§ SOURCE DATA
######

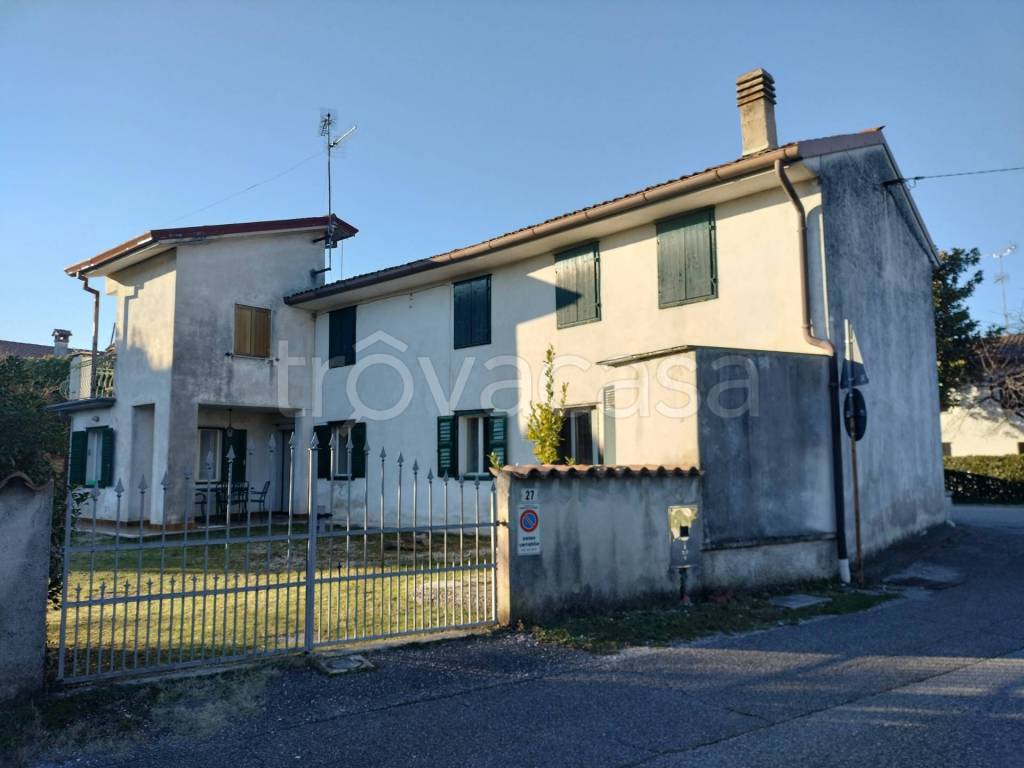 casa indipendente in vendita a Gradisca d'Isonzo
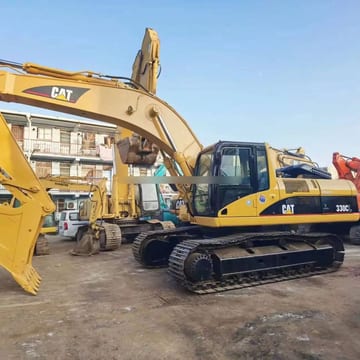 2018 Caterpillar 330CL crawler excavator, side view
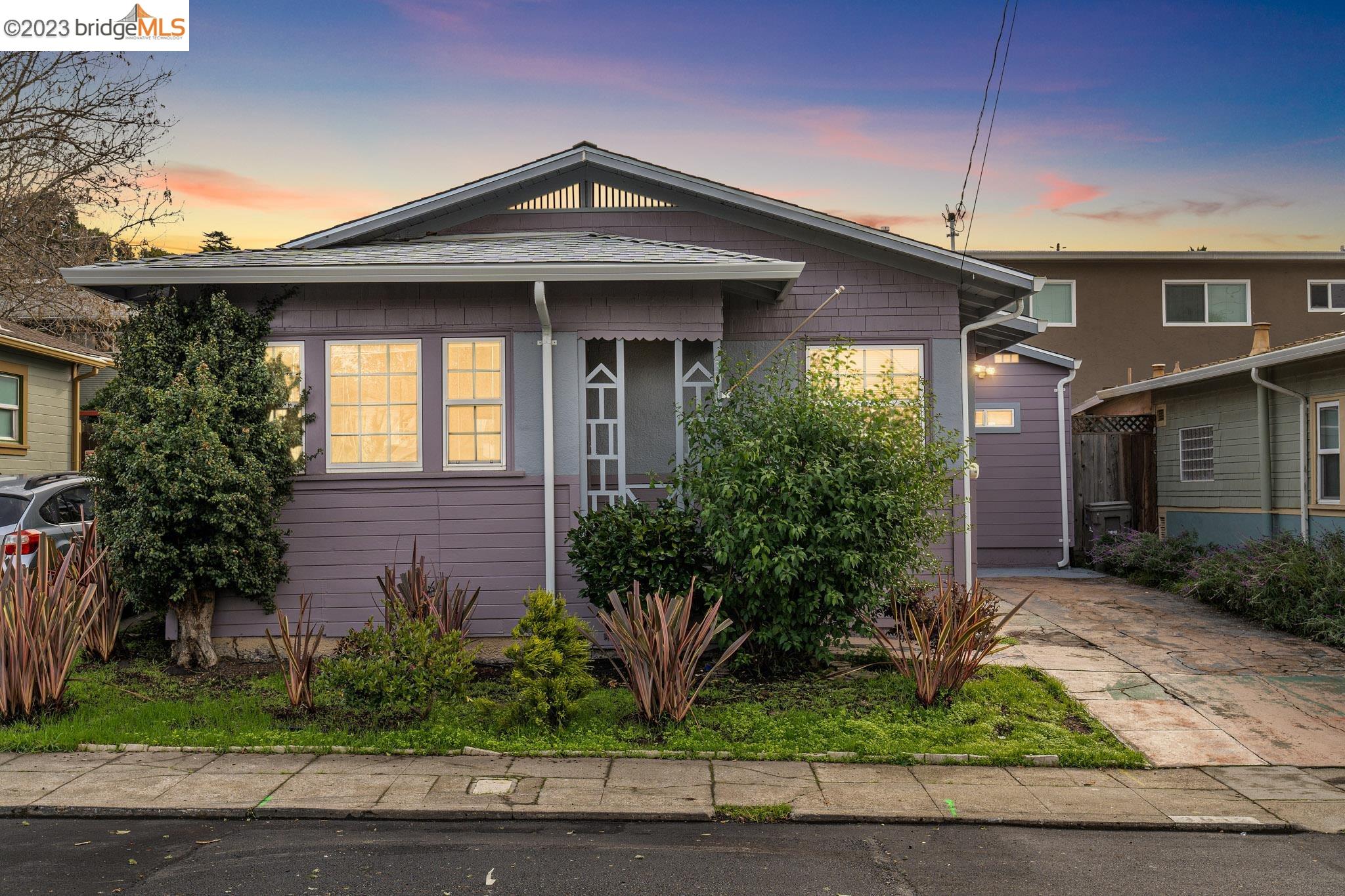 Detail Gallery Image 1 of 1 For 3012 Courtland Ave, Oakland,  CA 94619 - 2 Beds | 2 Baths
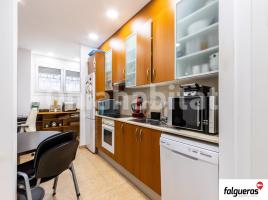 Pis, 116 m², près de bus et de train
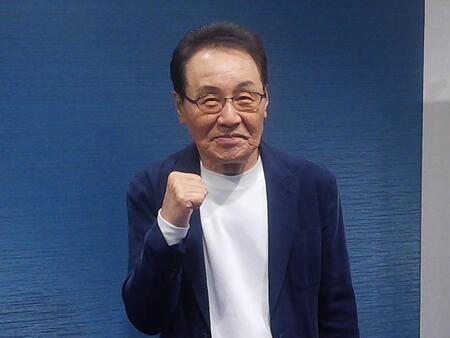 取材会に出席した五木ひろし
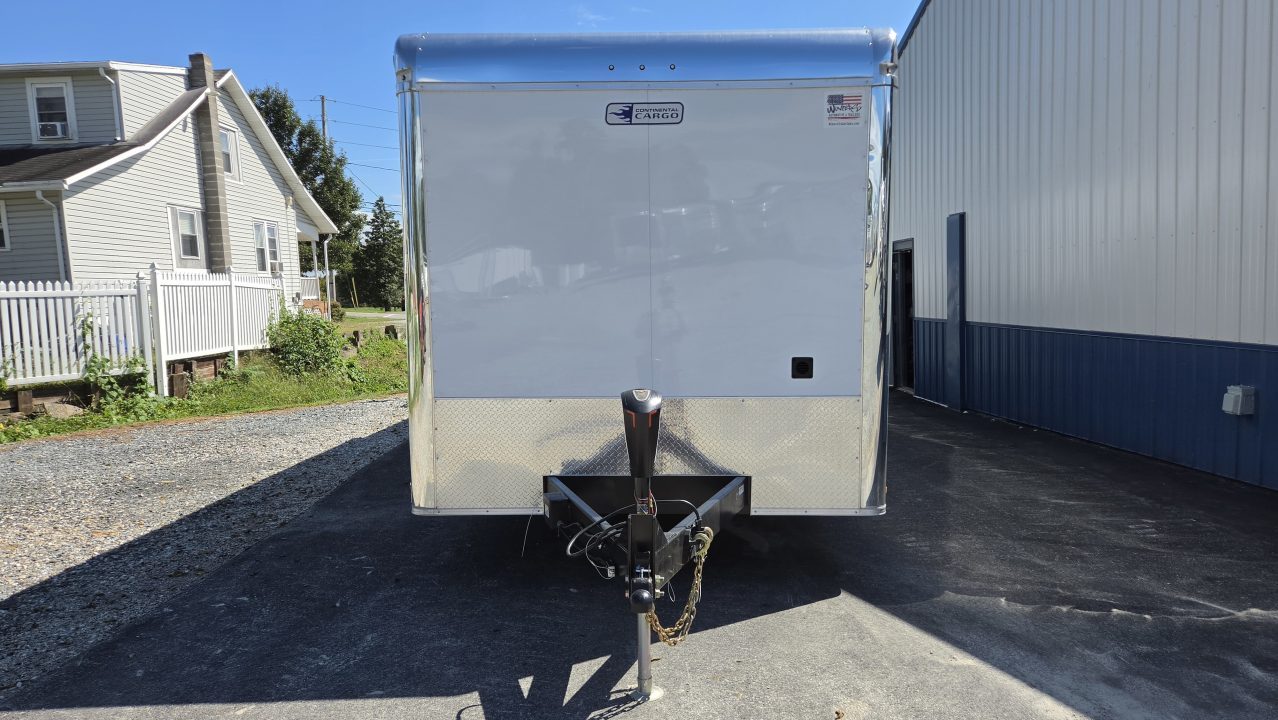 New 2027 Continental Cargo AUTOMASTER 8.5X32 TTT Car / Racing Trailer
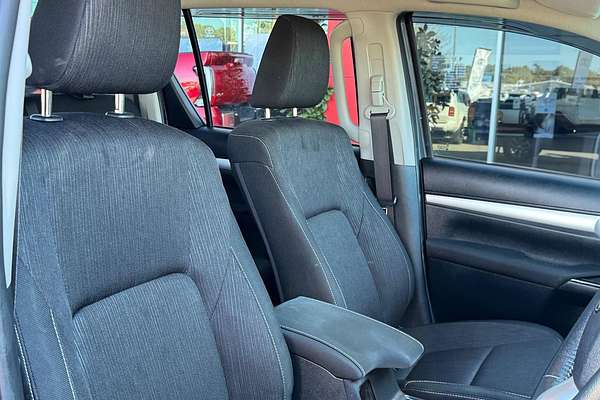 2017 Toyota Hilux SR5 GUN126R 4X4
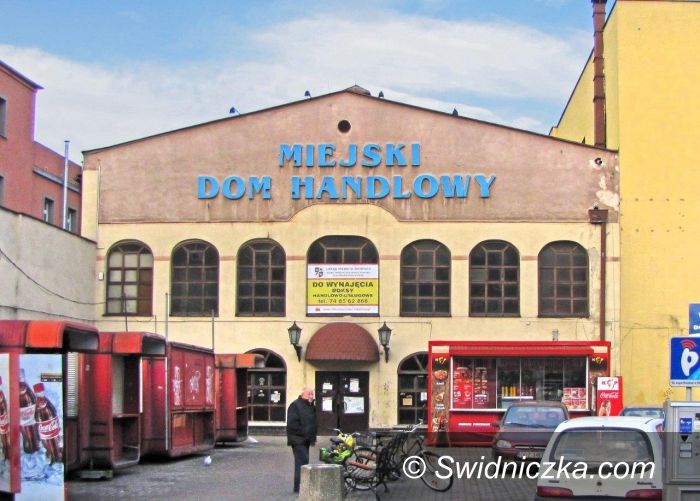 Świdnica: Boksy handlowe za symboliczną złotówkę – promocyjna propozycja dla osób bezrobotnych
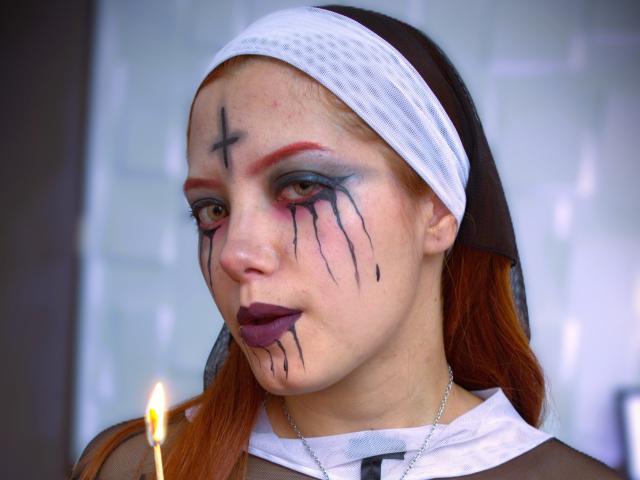 EmmaThomsonn - Live sexe cam - 27690688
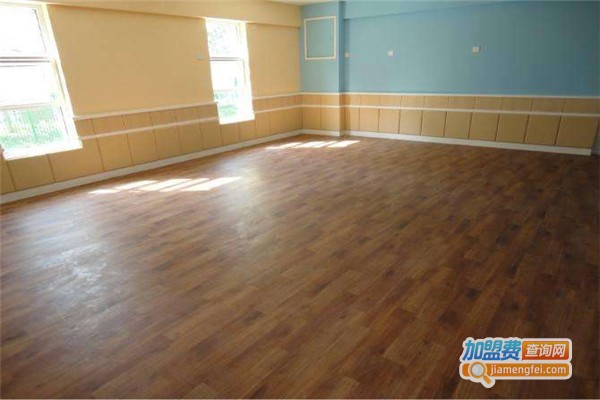 百年巧匠地板加盟费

######

§ WHAT IS REQUIRED
Letter for letter, reproduce every record above and skip the pictures.

§ ANSWER SECTION
 casa indipendente in vendita a Gradisca d'Isonzo
 2018 Caterpillar 330CL crawler excavator, side view
 Detail Gallery Image 1 of 1 For 3012 Courtland Ave, Oakland,  CA 94619 - 2 Beds | 2 Baths
 Pis, 116 m², près de bus et de train
 取材会に出席した五木ひろし
 New 2027 Continental Cargo AUTOMASTER 8.5X32 TTT Car / Racing Trailer
 2017 Toyota Hilux SR5 GUN126R 4X4
 Świdnica: Boksy handlowe za symboliczną złotówkę – promocyjna propozycja dla osób bezrobotnych
 EmmaThomsonn - Live sexe cam - 27690688
 百年巧匠地板加盟费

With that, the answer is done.